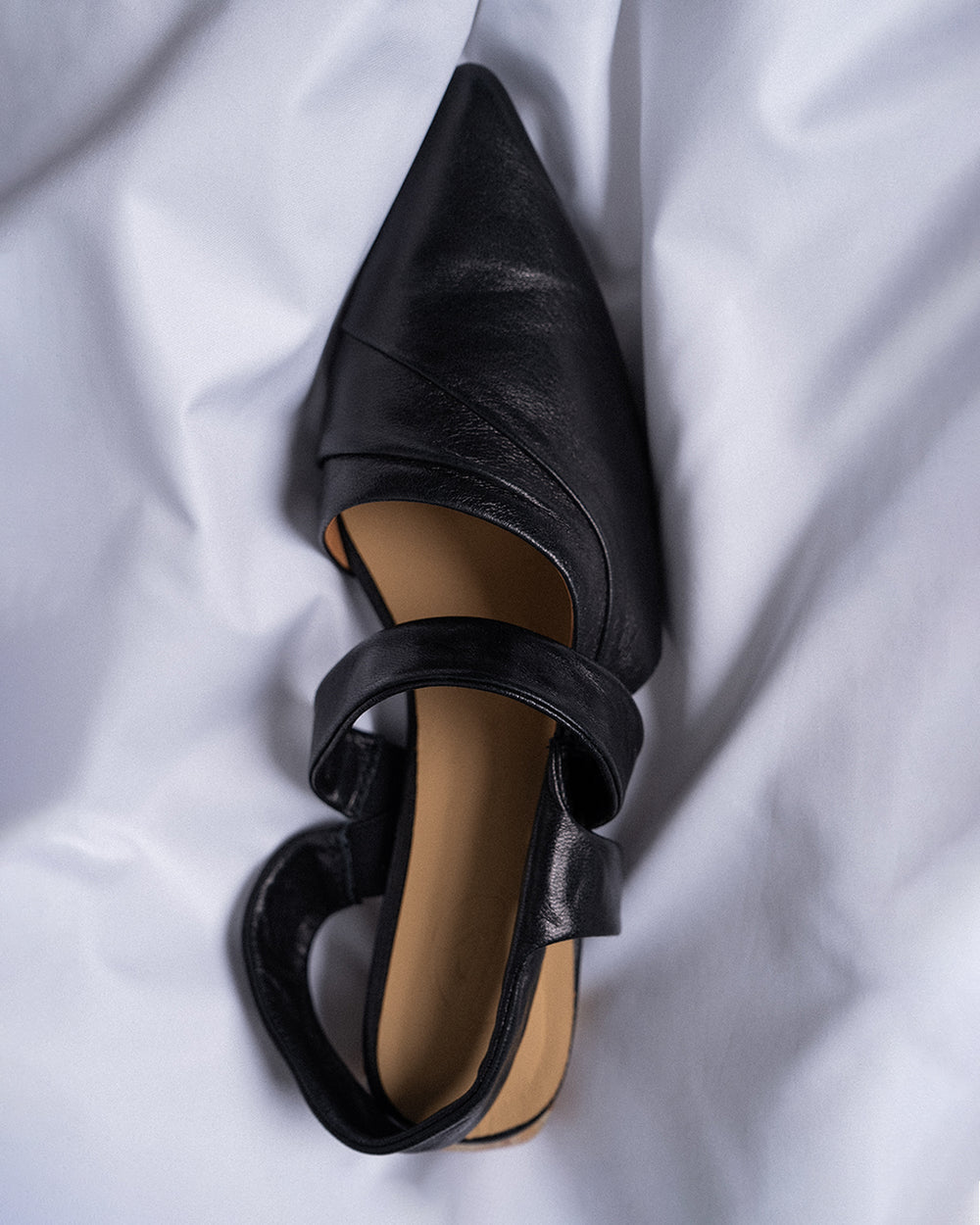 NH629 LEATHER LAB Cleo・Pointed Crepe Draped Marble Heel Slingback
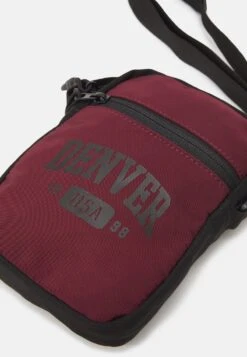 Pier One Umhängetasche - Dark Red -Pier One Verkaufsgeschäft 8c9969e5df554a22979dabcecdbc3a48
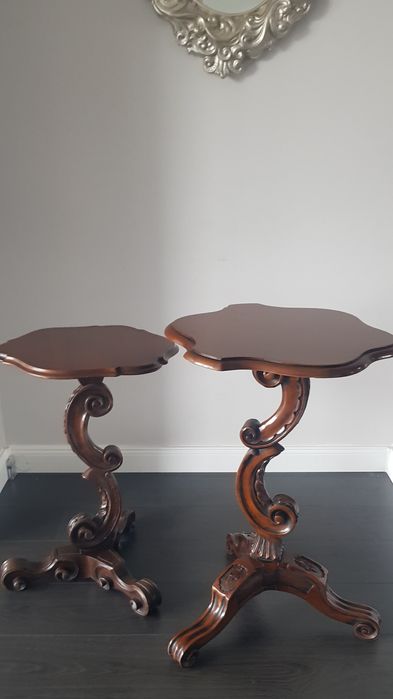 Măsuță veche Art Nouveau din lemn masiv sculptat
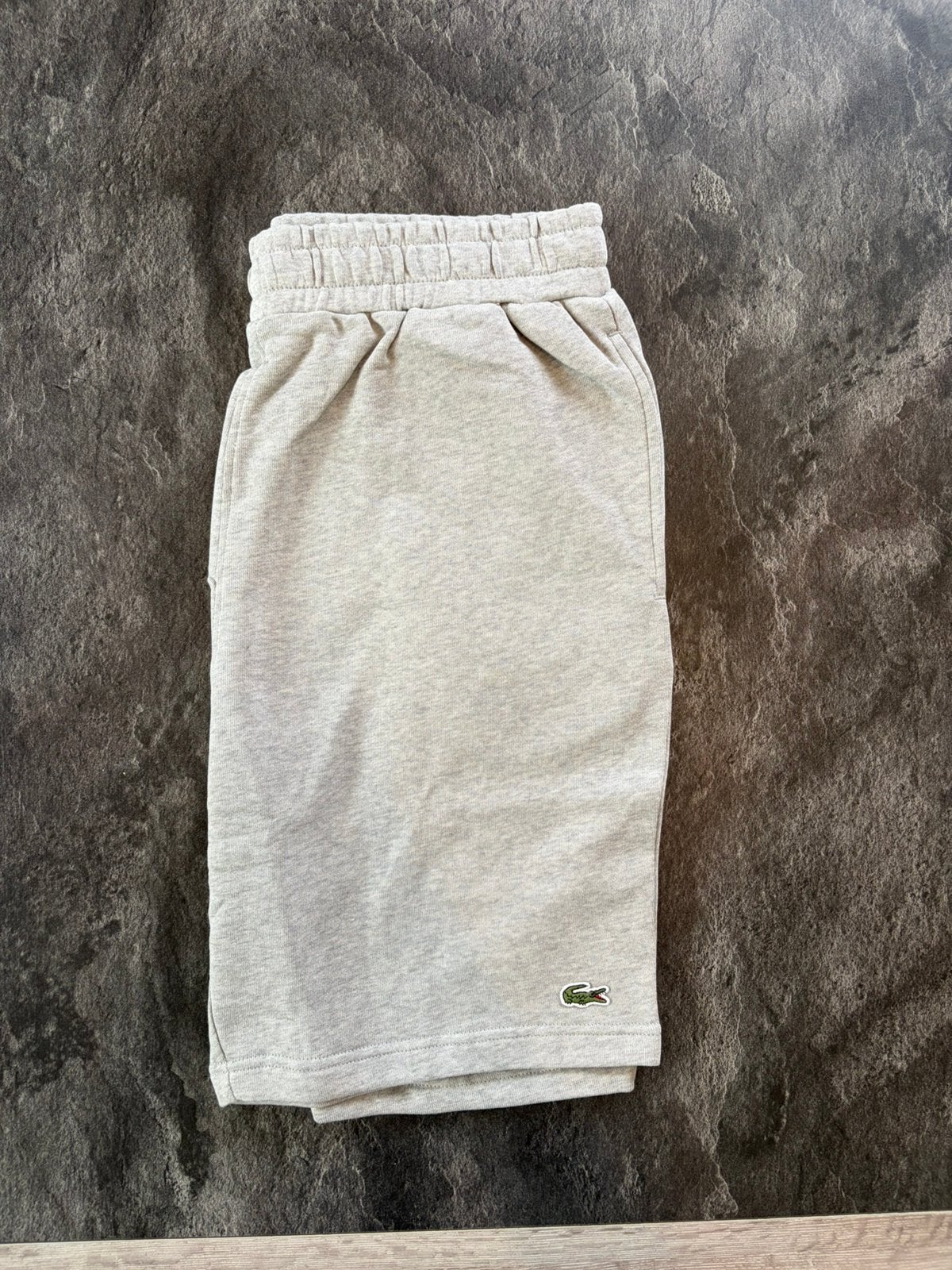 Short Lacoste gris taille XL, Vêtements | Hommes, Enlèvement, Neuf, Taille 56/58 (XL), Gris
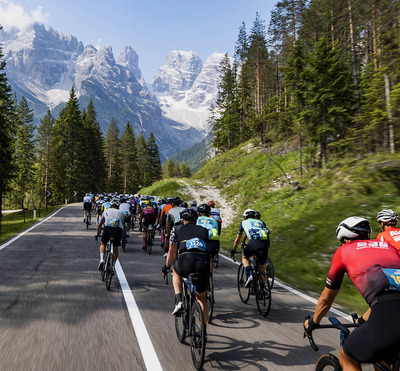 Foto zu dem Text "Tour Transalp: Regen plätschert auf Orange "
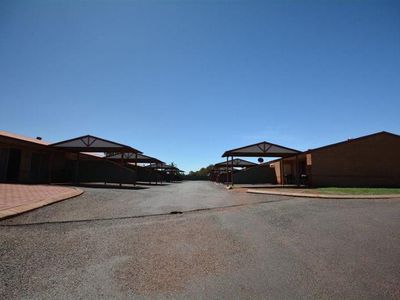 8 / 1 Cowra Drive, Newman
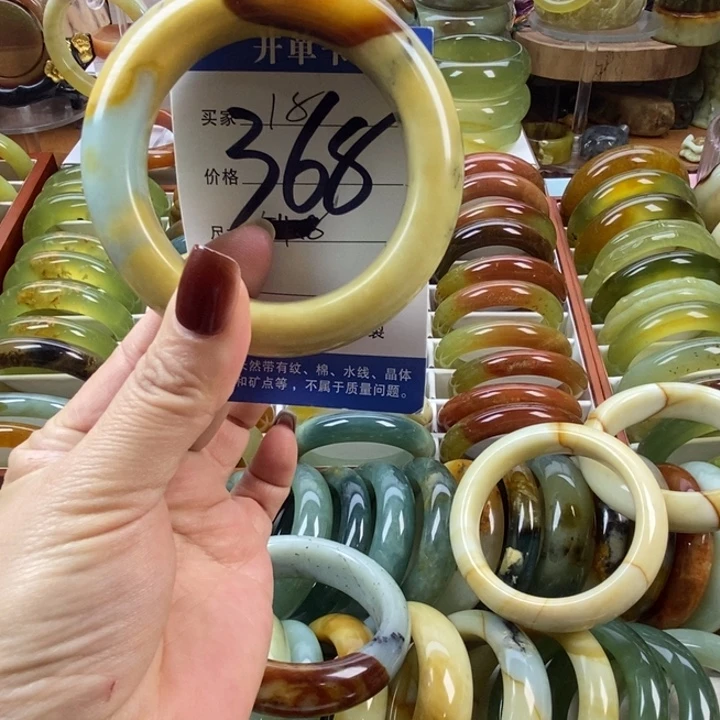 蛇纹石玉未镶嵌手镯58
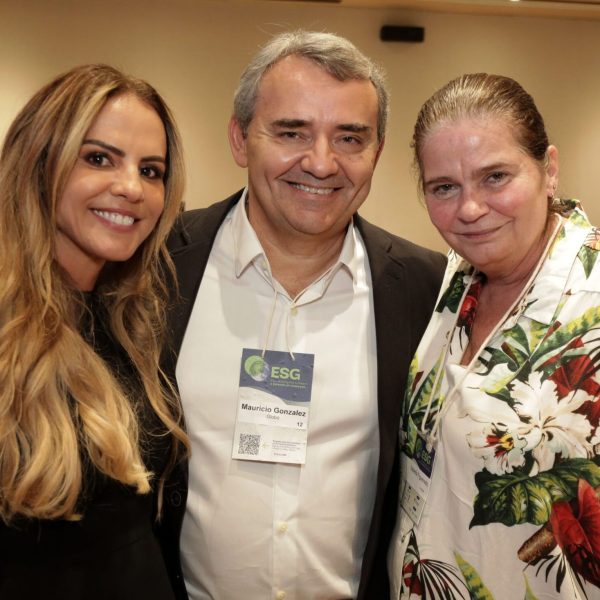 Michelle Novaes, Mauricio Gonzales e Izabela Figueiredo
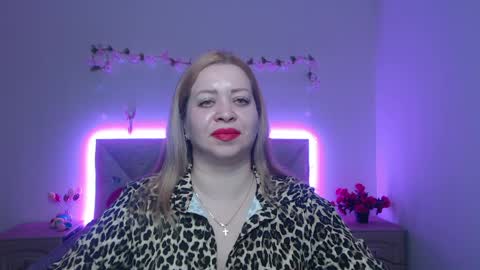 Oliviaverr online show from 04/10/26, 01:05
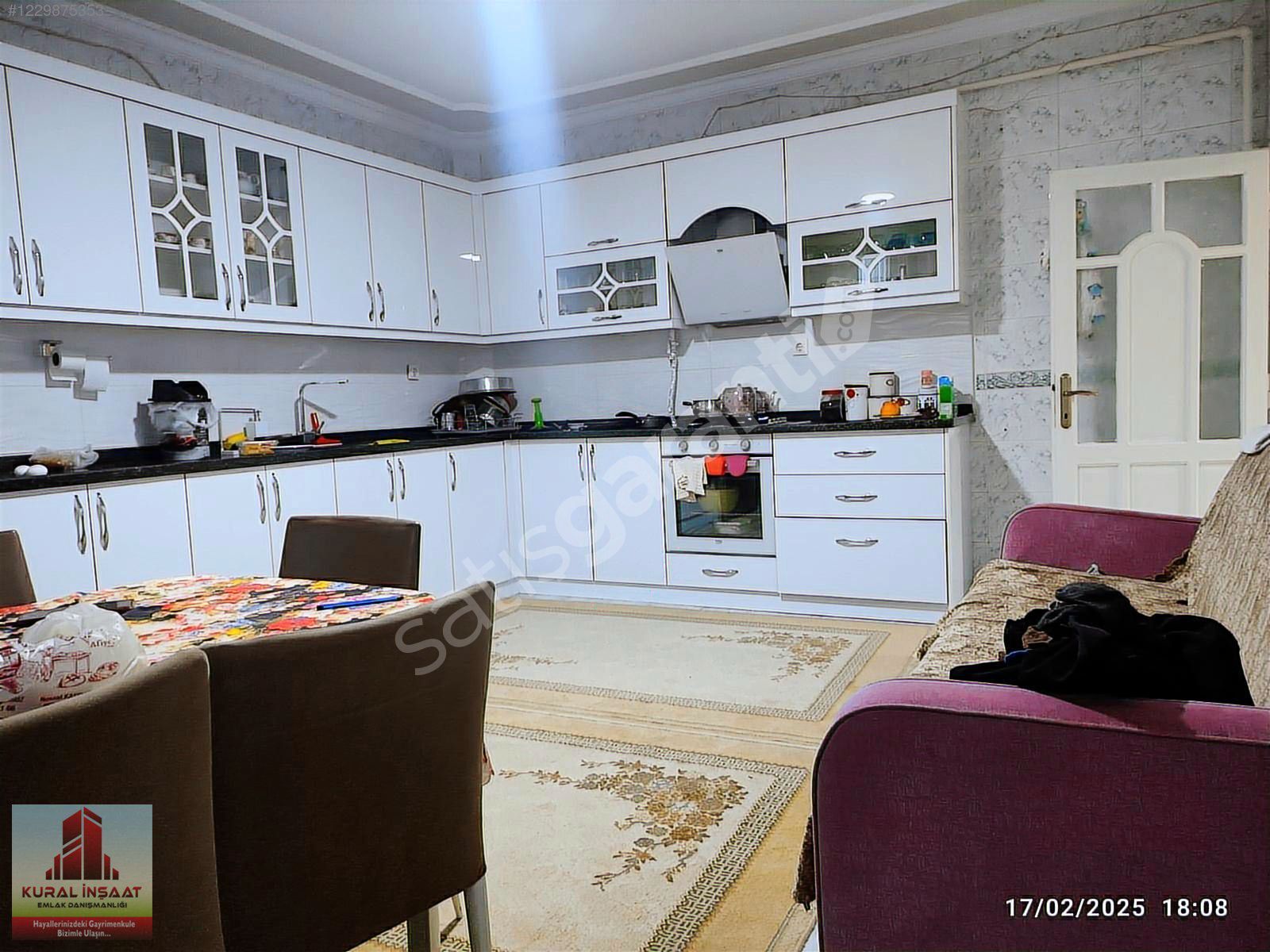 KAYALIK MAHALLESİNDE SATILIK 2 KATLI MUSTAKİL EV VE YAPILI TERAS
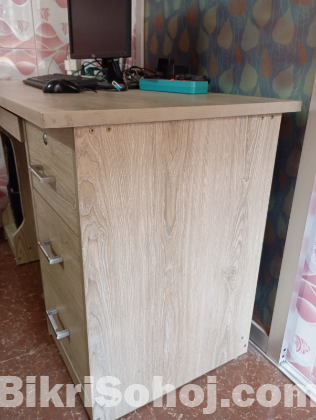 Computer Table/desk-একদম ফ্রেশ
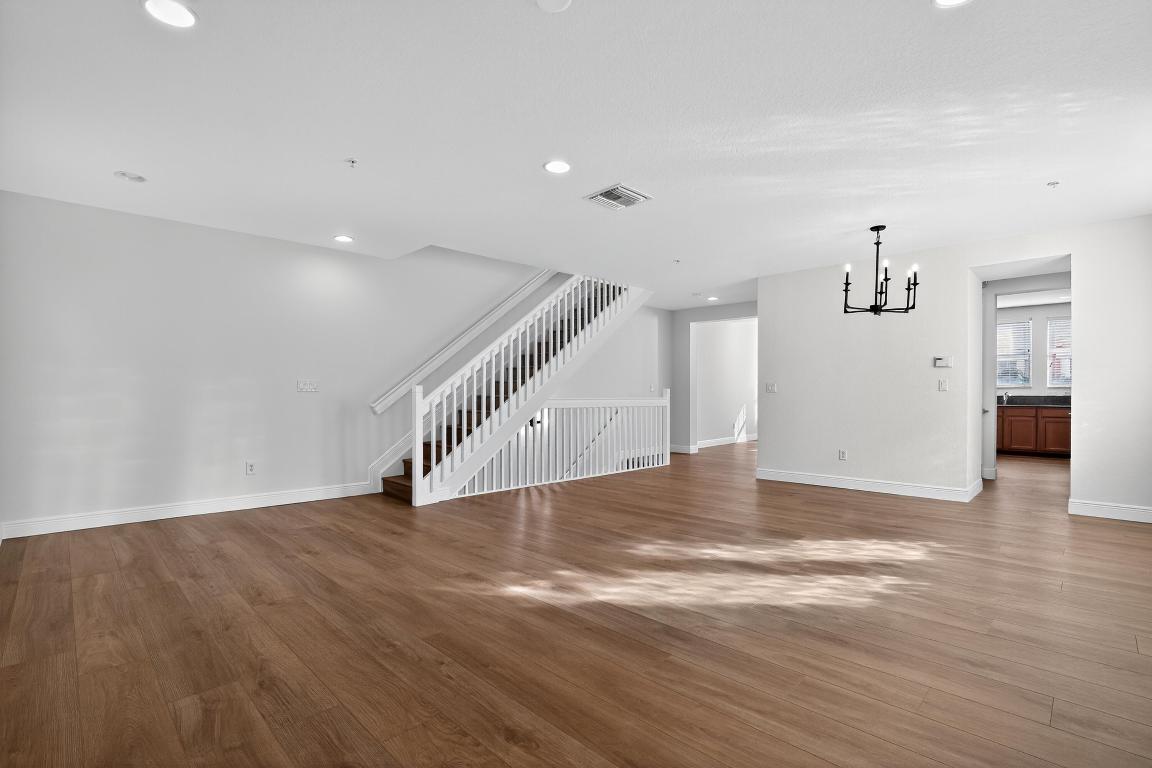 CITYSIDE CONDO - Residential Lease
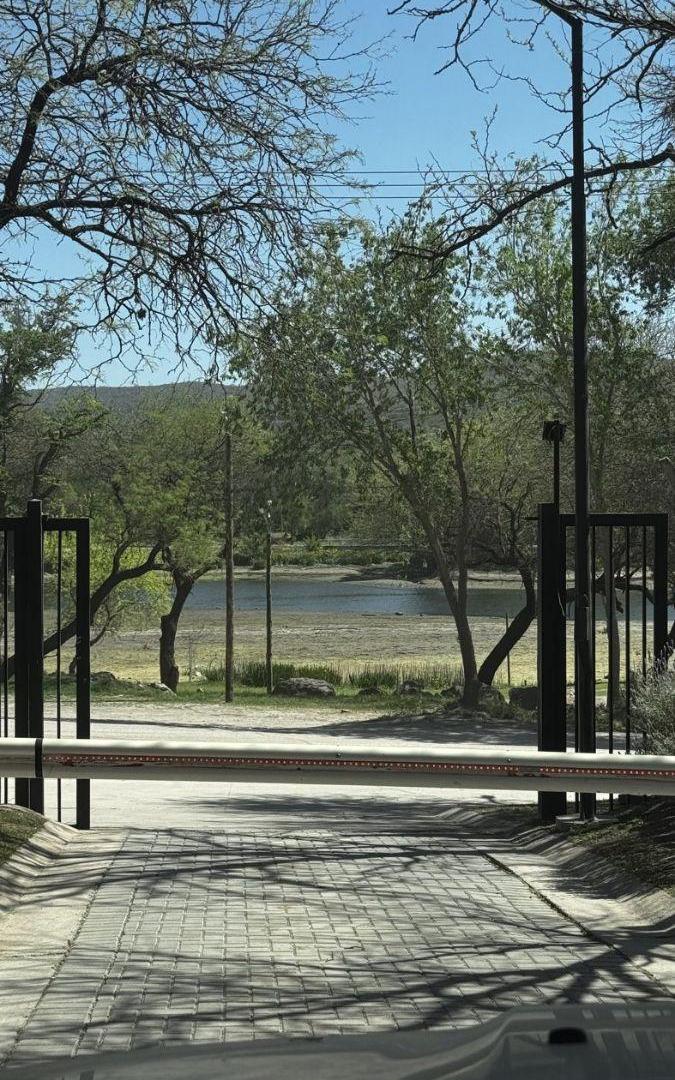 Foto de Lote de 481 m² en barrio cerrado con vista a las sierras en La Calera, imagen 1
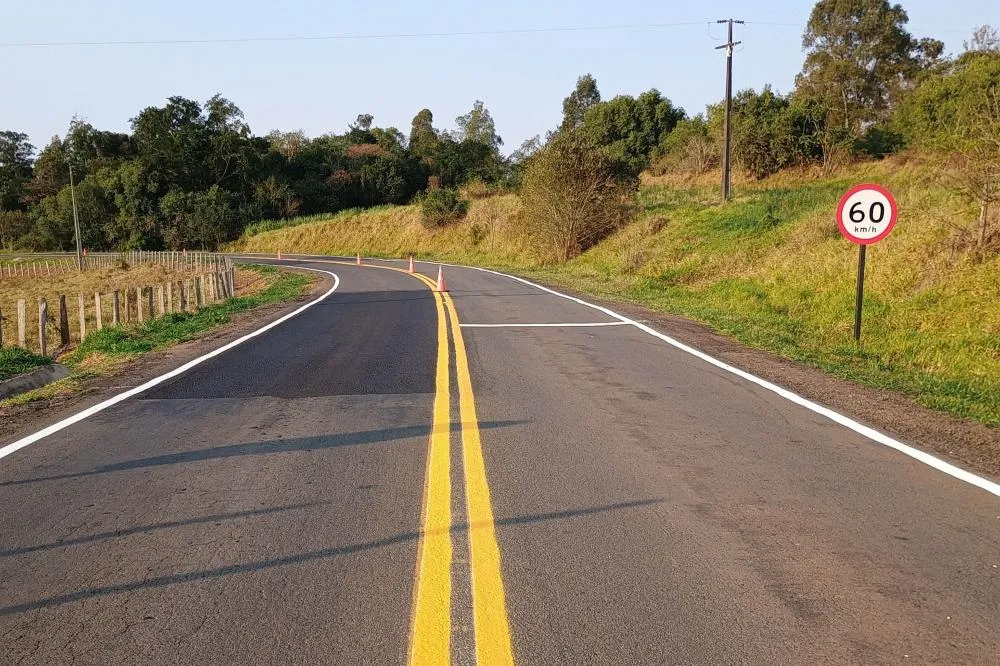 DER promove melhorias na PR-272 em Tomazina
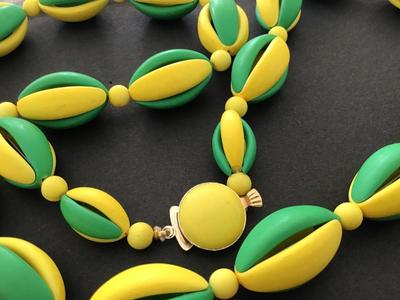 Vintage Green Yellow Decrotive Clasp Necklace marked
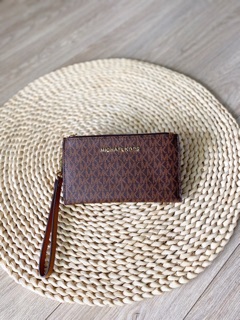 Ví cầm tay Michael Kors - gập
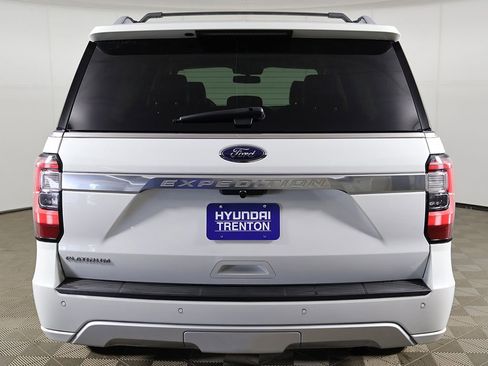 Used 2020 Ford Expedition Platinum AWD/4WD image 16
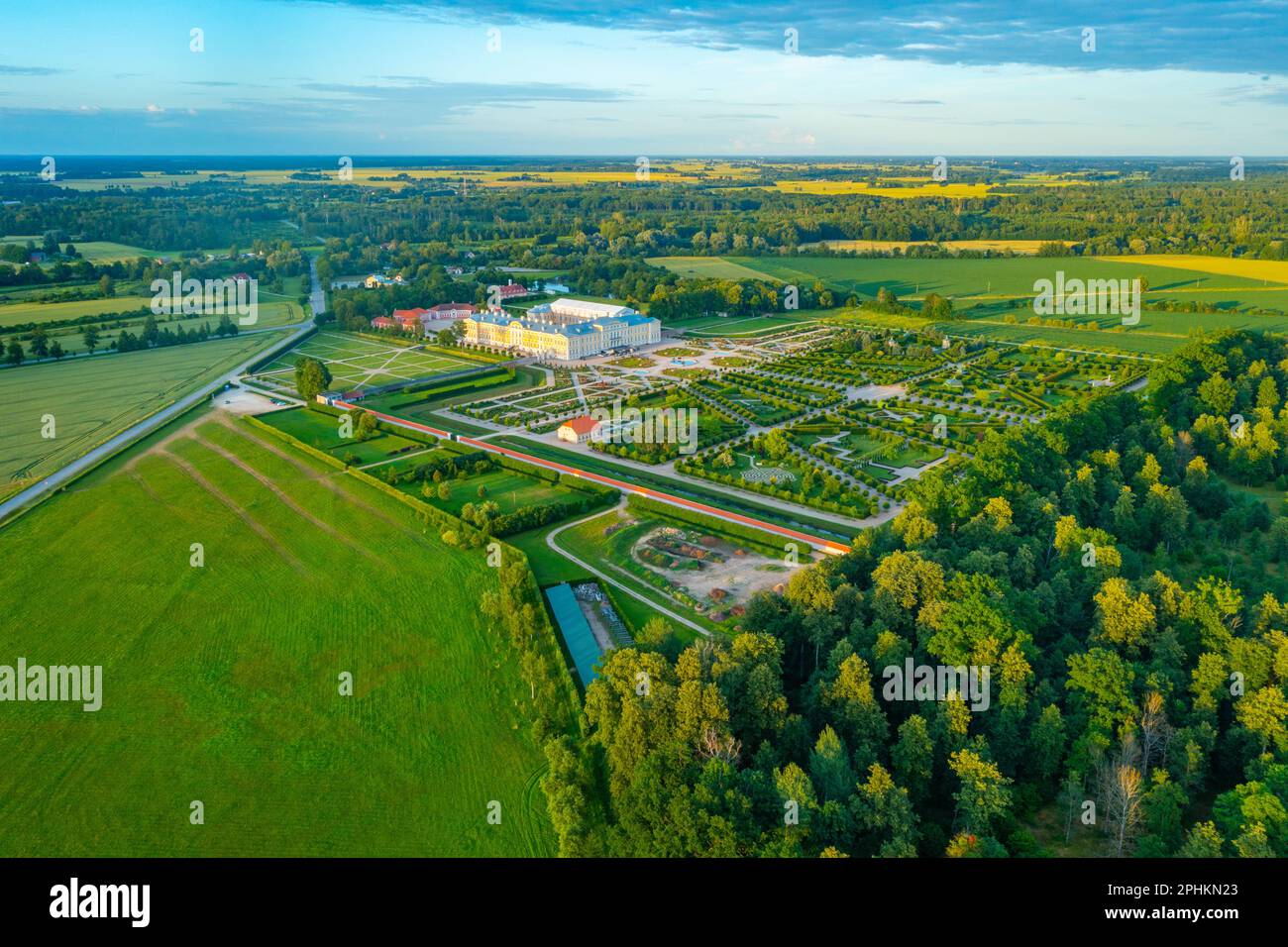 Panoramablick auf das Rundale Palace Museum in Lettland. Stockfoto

**Exercise goal**
Copy out exactly the lines that run from the line containing "Computer Table/desk-একদম ফ্রেশ" through the last line of the material, and nothing more; omit the pictures.

**Response**
 Computer Table/desk-একদম ফ্রেশ
 CITYSIDE CONDO - Residential Lease
 Foto de Lote de 481 m² en barrio cerrado con vista a las sierras en La Calera, imagen 1
 DER promove melhorias na PR-272 em Tomazina
 Vintage Green Yellow Decrotive Clasp Necklace marked
 Ví cầm tay Michael Kors - gập
 Used 2020 Ford Expedition Platinum AWD/4WD image 16
 Panoramablick auf das Rundale Palace Museum in Lettland. Stockfoto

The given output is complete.